Avete un disco da promuovere quindi presumo un tour da onorare, c’è qualcos’altro che bolle in pentola?

La verità è che a suonare in giro ti diverti molto solo quando la situazione è perlomeno decente. Quando trovi realtà assurde a 700 km da casa la prima volta ci ridi, la seconda spacchi un disco de I CANI, la terza ti chiedi se ne vale la pena di fare tutta quella strada. Proprio perché abbiamo scelto di suonare solo per divertirci se andiamo a suonare ed è tutto una merda non ci andiamo più. Quindi faremo meno date ma meglio organizzate. Non perché pensiamo di meritare chissà cosa ma è perfettamente inutile per noi andare fino a Bari in un locale che di solito fa suonare cover band al cui pubblico non interessa nulla di noi, perché il promoter non sa fare il suo lavoro. O suonare con la chitarra acustica mentre la gente mangia manco fossimo nelle osterie romane.
Onoro e rispetto chi fa quello ma non è quello che vogliamo fare noi.

La scelta di affidare il disco ad una nuova e freschissima etichetta (V4V Records) è stata una buona idea?

Potrei trollare quei deficienti qui ed ora per diciassette minuti di applausi ma ti dico in verità che trovare persone che investono cosi tanto in un progetto come il nostro facendolo bene, è ad oggi in pratica impossibile.
Ci perdono soldi ma soprattutto tempo. Lo sanno e lo fanno consapevolmente. Se ci pensi è assurdo. Allora quello che ci lega davvero sono le stronzate che ci scriviamo in chat e l’idea di condividere insieme qualcosa di tanto nostro quanto loro.
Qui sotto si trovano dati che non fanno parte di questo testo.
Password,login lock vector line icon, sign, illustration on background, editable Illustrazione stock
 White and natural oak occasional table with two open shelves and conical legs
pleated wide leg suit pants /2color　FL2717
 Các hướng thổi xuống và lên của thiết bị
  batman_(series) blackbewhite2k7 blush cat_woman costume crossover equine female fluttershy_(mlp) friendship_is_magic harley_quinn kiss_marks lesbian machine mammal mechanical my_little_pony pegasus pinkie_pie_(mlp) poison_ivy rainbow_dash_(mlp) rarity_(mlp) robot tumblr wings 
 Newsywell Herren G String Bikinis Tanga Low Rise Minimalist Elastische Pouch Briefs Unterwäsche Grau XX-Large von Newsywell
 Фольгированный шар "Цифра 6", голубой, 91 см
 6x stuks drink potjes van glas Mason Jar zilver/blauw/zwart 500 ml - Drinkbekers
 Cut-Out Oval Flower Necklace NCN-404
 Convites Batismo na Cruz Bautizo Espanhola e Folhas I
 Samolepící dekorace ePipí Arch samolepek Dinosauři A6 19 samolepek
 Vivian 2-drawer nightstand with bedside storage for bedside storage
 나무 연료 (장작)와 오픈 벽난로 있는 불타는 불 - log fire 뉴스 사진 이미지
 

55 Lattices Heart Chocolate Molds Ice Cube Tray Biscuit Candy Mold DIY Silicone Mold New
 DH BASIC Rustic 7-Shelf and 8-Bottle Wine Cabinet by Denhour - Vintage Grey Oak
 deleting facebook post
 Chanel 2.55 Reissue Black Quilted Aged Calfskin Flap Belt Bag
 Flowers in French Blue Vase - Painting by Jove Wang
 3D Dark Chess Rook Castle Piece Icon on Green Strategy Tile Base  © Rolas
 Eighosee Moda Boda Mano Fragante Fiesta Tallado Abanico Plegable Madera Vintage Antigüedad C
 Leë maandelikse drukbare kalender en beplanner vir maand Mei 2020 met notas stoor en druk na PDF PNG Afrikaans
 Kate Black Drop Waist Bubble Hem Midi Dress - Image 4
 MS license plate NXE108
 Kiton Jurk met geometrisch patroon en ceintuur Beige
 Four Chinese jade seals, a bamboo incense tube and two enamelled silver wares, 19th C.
Va oltre le aspettative di vendita o di successo mediatico. Posso solo dire che se avessero i mezzi e fossero persone come loro a capo di importanti case discografiche non staremmo adesso nella situazione in cui siamo. La competenza in questo settore sembra essere una chimera.

Adesso che siete ricchi e famosi e scopate da Dio potete dire tutto quello che vi passa per la testa, questo è il vostro spazio…

Se questo fosse il mio spazio direi a tutti i lettori di non drogarsi e di avere rispetto per gli alberi e di non farli pisciare dai cani. Comunque come tu sappia certe cose rimane per noi un mistero.